### Data segment
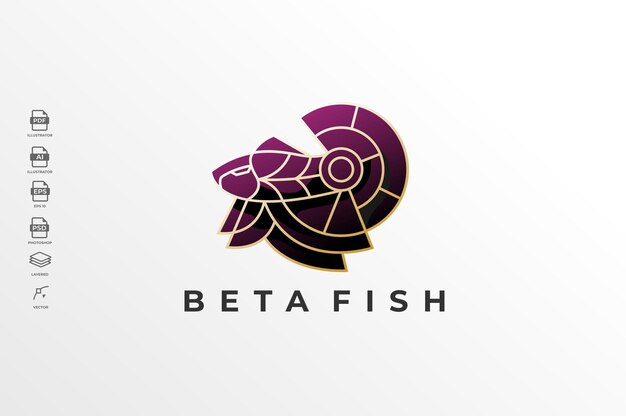 Geometric Lineart Bettafish Logo Design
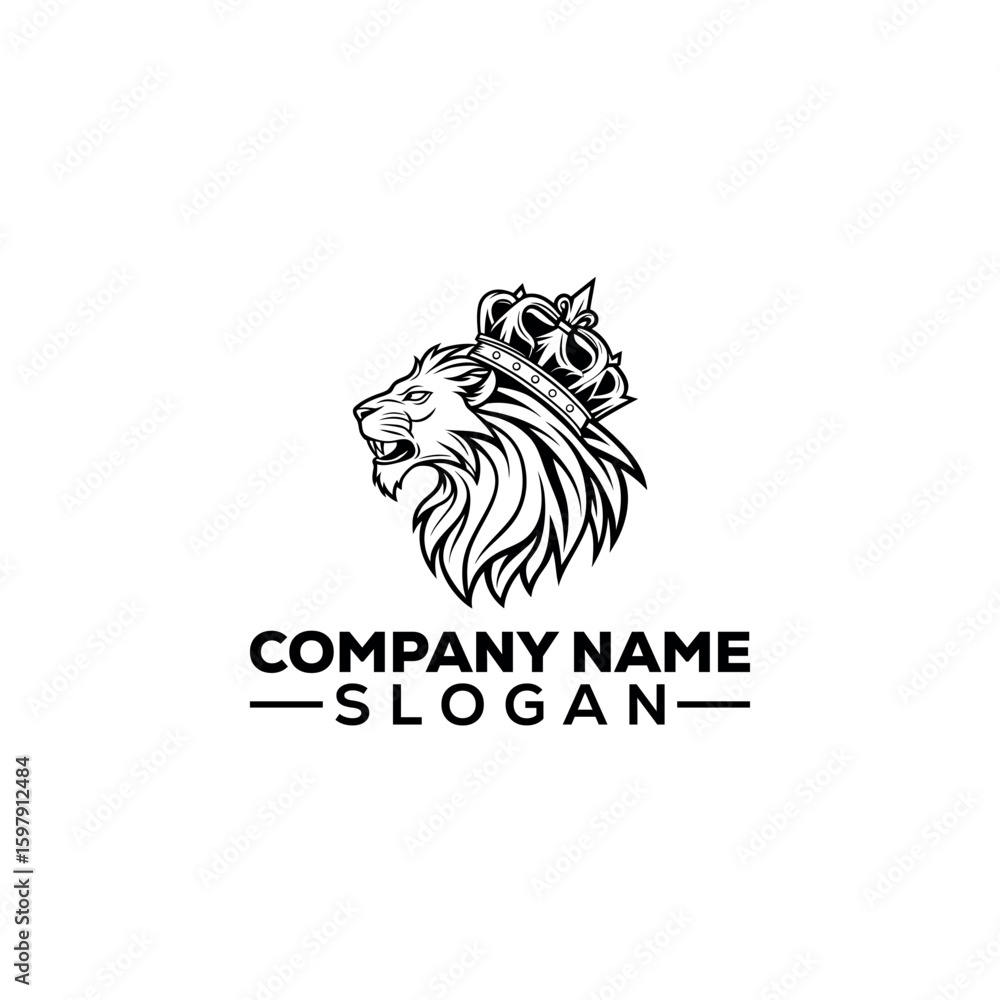 Fototapeta premium Roaring Lion Head with Royal Crown Logo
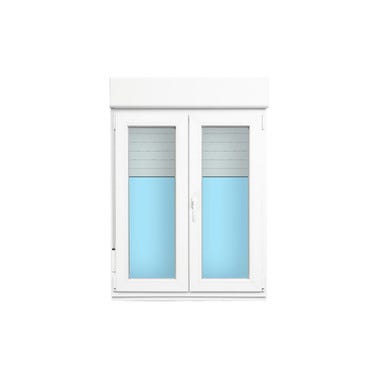 Bricomart VENTANA PVC OSCILOBATIENTE CON PERSIANA BLANCA 100X138CM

### What the task requires
Give the material above again exactly as it stands, minus any images.

### Finished task
 Geometric Lineart Bettafish Logo Design
 Fototapeta premium Roaring Lion Head with Royal Crown Logo
 Bricomart VENTANA PVC OSCILOBATIENTE CON PERSIANA BLANCA 100X138CM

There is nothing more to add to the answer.